LP Review: EZTV – High In Place

Brooklyn is the New York City where you feel at home. There is no hustle or whirlwind of pressure, as you stroll down the streets. It is the place where you can walk into a record store in a newly gentrified area and admire the Manhattan skyline just across the river. It is where corner stores now hold organic, vegan products and elderberry sodas. It is a peaceful place where creativity is set free from the stifling concrete maze that so many dream of. EZTV’s High In Place is the Brooklyn that I’ve come to love, like a waking sunrise gently opening up the day for discovery.

Brooklyn-based EZTV began as a solo home recording project for sound engineer and lead vocalist, Ezra Tenenbaum, who eventually recruited bassist Shane O’Connell and former Widowspeak drummer Michael Stasiak. Their 2nd LP was recorded on a tape machine adding to the album’s shimmering nostalgic feel. The 10-song album features a little help from their friends: Jenny Lewis, Real Estate’s Martin Courtney and Matt Kallman, Chris Cohen, Quilt’s John Andrews, Nic Hessler and Mega Bog.

High In Place is a feel good, calming album. Their sophomore effort is hardly a departure from their 2015 debut Calling Out. They are consistent in their style and overall aesthetic with only the ever-so-slightly additional melancholy. At a glance, it’s gentle psych-rock with a mix of folk and ‘60s sensibility. The band has a “Deeply Influential” playlist on Spotify filled with power pop, soul, jangle pop renaissance and folk songs that inspired their 2nd LP. The tracks range from the ‘60s to the ‘80s which shows why it can be so difficult to exactly pinpoint EZTV’s sound. The band uses mellow jangle guitar with added riffs, wispy vocals, cymbals and steady beats with unexpected flourishes, sonic distortions and melodic bass.
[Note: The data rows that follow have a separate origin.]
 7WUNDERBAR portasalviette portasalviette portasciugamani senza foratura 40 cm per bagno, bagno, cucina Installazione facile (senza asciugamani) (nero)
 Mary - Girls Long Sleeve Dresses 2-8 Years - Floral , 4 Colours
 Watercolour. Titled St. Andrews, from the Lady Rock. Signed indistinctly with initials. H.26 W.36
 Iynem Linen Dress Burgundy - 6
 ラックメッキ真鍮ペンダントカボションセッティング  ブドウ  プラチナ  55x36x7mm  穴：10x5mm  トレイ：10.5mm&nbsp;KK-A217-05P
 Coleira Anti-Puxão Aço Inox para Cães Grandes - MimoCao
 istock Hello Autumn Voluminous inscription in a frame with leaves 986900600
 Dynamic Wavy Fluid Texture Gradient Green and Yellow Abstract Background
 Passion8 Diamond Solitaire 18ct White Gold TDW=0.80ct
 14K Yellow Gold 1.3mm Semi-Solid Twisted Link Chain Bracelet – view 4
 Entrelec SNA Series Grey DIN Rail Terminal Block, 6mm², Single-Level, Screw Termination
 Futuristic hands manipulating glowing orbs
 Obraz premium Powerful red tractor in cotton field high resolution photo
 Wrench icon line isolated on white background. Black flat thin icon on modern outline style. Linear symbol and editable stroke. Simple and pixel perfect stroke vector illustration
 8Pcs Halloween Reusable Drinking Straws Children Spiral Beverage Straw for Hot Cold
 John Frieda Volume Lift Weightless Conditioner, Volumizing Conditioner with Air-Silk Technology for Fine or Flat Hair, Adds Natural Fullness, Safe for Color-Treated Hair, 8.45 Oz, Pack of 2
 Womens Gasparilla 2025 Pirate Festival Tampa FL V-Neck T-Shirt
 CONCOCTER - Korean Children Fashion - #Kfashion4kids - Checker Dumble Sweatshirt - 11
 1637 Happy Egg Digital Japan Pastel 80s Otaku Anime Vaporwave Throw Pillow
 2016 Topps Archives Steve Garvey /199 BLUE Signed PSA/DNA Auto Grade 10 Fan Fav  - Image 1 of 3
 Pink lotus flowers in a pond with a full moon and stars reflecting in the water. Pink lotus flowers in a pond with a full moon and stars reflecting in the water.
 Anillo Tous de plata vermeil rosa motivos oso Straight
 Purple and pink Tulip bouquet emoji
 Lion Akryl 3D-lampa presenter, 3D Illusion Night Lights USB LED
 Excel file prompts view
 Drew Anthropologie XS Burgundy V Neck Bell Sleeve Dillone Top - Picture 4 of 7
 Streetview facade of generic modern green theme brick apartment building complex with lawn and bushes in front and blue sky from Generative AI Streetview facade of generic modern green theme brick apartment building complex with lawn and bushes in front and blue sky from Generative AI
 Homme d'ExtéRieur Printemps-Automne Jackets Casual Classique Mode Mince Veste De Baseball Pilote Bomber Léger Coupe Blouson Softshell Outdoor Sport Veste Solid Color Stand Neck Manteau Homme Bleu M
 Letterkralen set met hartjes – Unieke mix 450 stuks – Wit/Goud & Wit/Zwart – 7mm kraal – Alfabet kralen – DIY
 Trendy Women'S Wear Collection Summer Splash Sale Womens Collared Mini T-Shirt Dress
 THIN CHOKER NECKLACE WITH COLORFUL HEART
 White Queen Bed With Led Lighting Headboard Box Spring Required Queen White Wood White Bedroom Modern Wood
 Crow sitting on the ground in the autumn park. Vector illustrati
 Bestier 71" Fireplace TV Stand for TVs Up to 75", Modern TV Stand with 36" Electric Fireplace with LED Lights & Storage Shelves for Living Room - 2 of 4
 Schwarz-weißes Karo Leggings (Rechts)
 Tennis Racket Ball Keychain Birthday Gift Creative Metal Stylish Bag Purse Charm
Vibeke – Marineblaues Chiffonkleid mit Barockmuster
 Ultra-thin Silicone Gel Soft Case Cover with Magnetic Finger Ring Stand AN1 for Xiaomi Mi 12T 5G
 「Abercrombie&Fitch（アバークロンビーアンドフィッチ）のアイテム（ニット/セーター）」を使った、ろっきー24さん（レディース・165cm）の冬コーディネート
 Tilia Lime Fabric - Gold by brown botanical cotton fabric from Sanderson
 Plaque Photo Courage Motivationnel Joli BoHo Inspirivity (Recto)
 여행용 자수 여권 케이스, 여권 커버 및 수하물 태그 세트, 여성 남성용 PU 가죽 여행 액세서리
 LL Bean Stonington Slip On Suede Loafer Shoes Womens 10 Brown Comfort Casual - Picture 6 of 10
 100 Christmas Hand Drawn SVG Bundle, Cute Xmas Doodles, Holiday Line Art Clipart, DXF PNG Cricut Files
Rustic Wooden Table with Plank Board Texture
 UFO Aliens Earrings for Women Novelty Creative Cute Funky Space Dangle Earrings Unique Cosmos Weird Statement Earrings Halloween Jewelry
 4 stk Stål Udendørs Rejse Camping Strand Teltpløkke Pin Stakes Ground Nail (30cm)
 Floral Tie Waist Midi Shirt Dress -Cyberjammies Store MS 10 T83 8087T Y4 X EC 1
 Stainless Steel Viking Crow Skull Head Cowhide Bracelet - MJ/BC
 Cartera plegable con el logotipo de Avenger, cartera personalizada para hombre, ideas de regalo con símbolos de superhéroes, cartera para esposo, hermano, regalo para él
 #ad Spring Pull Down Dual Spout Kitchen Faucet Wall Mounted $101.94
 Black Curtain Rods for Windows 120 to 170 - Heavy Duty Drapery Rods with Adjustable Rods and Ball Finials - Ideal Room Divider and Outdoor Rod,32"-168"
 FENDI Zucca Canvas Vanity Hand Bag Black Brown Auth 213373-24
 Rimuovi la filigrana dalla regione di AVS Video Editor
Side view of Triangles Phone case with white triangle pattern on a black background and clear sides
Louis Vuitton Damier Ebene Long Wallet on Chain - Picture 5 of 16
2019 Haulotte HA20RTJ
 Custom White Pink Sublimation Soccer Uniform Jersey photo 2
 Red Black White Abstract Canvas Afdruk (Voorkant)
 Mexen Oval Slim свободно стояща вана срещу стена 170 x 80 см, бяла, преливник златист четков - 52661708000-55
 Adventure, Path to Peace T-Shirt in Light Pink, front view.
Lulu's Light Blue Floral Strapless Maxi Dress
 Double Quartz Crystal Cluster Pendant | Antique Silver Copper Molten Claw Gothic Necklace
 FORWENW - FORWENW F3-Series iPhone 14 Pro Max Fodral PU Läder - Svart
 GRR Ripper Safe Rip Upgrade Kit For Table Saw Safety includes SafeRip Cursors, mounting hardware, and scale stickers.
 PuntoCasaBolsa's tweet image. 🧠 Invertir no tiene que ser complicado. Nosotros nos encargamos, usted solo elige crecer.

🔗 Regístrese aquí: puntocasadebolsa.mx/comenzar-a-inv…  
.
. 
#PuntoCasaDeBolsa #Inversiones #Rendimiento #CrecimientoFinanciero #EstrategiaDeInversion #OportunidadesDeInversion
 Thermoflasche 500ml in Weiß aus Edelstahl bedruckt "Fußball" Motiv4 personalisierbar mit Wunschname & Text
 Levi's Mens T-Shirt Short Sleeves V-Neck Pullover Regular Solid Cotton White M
One of the album’s first singles, “Reason to Run,” embodies a stroll through a park induced with a haze, making time pass even slower than usual. The beat lags ever-so-slightly giving a lethargic feel with fuzz bass and slowly progressing guitars that eventually pick up. “States of Confusion” sounds like a nice breeze with wide strums and feels like falling leaves with lyrics of “everything is moving through states of confusion.” It speaks of how the world is in a constant state of flux and how it is necessary to accept all the changes in order to flourish, an everyday for New Yorkers. Whereas, “Hammock” speaks largely to the sentiment of a generation that is dominated by an overarching fear of being alone: “I spent hours on my phone/ why does it feel strange to be alone.” The tracks deal with familiar sentiments drenched in comforting tones.

High In Place drops September 30th via Captured Tracks. The album easily fits into late summer days that trickle into a warm fall daze. It has an unquestionably golden glow surrounding it, keeping you centered and comfortably away from the noise of the city.